While at Stanford, from which he graduated in 1969 with a degree in music composition, Harrell also studied arranging with Tony Baker, who had been a pupil of Herb Pomroy, the noted bandleader-writer who has long taught at Berklee College of Music. "Tony showed me many things, like Duke Ellington's five-note voicings for saxophones,"the trumpeter says. "Also, I saw how you could make points in the melodies with voicings, then connect the points by writing harmonies as a result of melody."

From 1969-1970, Harrell toured with Stan Kenton and Woody Herman, then returned to the Bay Area, where he was a charter member of the fine Latin/jazz group, Azteca. He also played in Malo, a Latin/jazz/rock band led by Jorge Santana, guitarist Carlos Santana's brother. Then in 1973, he was hired by Horace Silver, with whom he played for five years, recording five albums, including Silver n' Brass. "I learned all the elements of music from him,"Harrell says of Silver. "He would always do material with different rhythmic feels--Latin, funk, straight ahead--and I've been influenced by that when I do things on my own. He's always so definite in his comping. I think it helped my rhythmic awareness because he's a master of rhythm."

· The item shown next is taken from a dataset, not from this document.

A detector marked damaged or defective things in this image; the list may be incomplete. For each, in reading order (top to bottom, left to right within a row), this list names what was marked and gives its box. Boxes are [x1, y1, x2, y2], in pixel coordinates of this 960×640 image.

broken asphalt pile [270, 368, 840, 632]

 After leaving Silver in 1977, Harrell, who by then settled in New York City, co-led a big band with the late bassist Sam Jones and worked with Gerry Mulligan, Bill Evans (he played on Evans' final album, We Will Meet Again on Warner Bros.), the Mel Lewis Orchestra, Charlie Haden's Liberation Music Orchestra and Lee Konitz' nonet. In 1983, he joined Phil Woods' quintet, recording such albums as Bouquet and Bop Stew for Concord Jazz.

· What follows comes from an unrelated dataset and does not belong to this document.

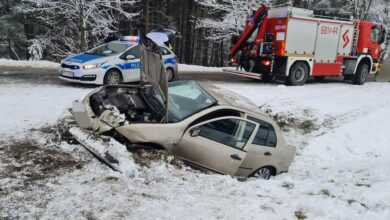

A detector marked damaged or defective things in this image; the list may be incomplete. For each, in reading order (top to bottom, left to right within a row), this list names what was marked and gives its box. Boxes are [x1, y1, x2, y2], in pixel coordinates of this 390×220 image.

damaged silver car [71, 31, 296, 180]
shattered windshield [167, 80, 218, 122]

Harrell departed Woods' ensemble in 1989 and has been leading his own bands since. His solo albums have included his debut, the out of print Aurora made in the late '70s, Moon Alley for Criss Cross, Form, Stories, Sail Away and Visions for Contemporary, and Passages and Upswing for Chesky.

These are all splendid albums, and serve as worthy predecessors to Labyrinth, a recording which should further spread the wondrous artistry of Tom Harrell. The album certainly presents what the musician calls his basic goals, to "find beauty in music and in life. What makes life worth living is beauty, and if you create something beautiful, you can help people because it's uplifting and spiritual. That beauty connects us with God, where all music comes from."

"His music just draws you to it. You hear it and you want to play it," offers drummer Bill Goodwin, who produced six of Harrell's previous recordings. There is a "jazz standards" quality to many of Harrell's songs, which have also been sought out by other musicians for their own recordings, including Kenny Barron, Art Farmer, Jim Hall, and Joe Lovano. Harrell's prolific pen has also been counted on for orchestral arrangements of originals, played by the Vanguard Jazz Orchestra, the Danish Radio Big Band, Cleveland Jazz Orchestra and most recently, the Dutch Metropole Orchestra. His songs are now available in print, in books published by Jamey Aebersold Jazz, Gerard & Sarzin, and Sher Music Company.

The honors and recognitions accorded to Harrell over the years are many: Down Beat magazine's critics and readers polls for trumpet every year since 1977 and for composer in 1995; JazzTime's critics' choice for his albums, VISIONS, PASSAGES, and UPSWING; JazzTime's readers poll for trumpet (#2 in 1995); Prix Oscar for FORM, awarded by the French Academy of Jazz; and nomination for the 1995 Danish JazzPar prize. But the reward for Harrell of course, is of a personal nature. Seeing himself less a creator of music than as a vehicle through which music can be transmitted, he observes, "Every time I play, I feel that if I'm a good vehicle, I'll be rewarded by being able to experience beauty." After all, as frequent cohort Joe Lovano says, "he doesn't just blow and finger the right note--he becomes each note he plays."